▶ **Record excerpts**

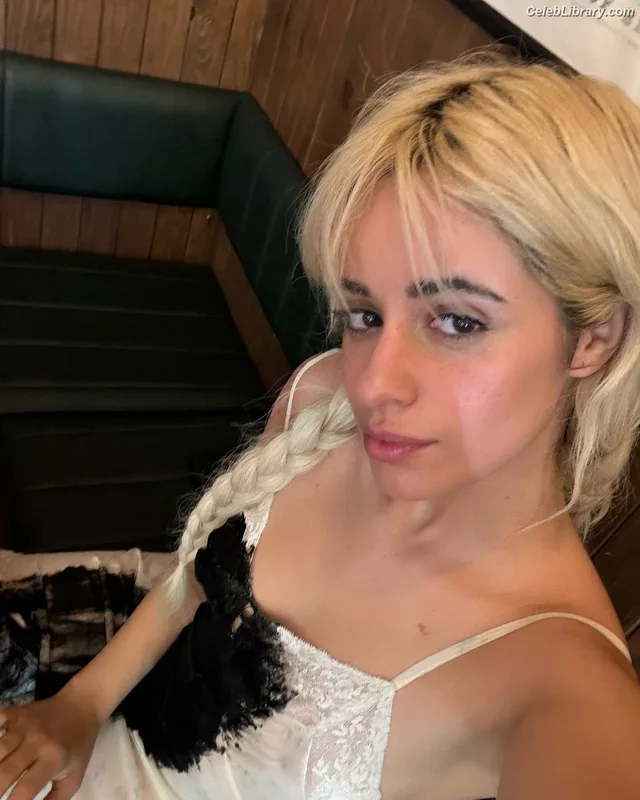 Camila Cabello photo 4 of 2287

==

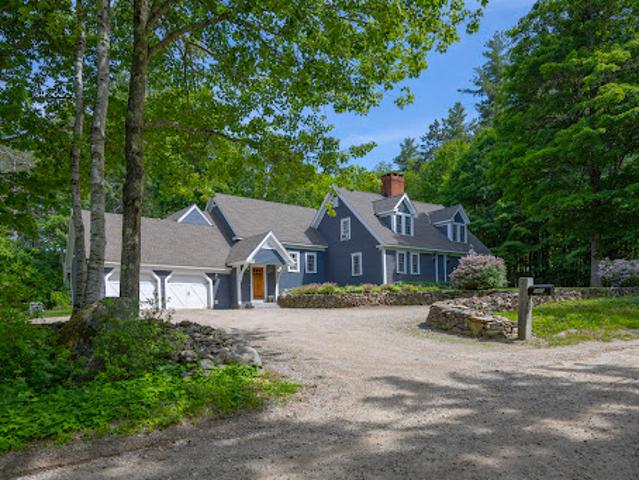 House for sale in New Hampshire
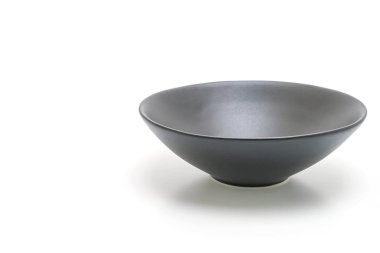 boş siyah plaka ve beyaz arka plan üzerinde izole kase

▶ **Task description**
In the listing above, find the line with "House for sale in New Hampshire" and the line with "boş siyah plaka". Transcribe those two and everything between, exactly, leaving out pictures.

▶ **Your response**
 House for sale in New Hampshire
 boş siyah plaka ve beyaz arka plan üzerinde izole kase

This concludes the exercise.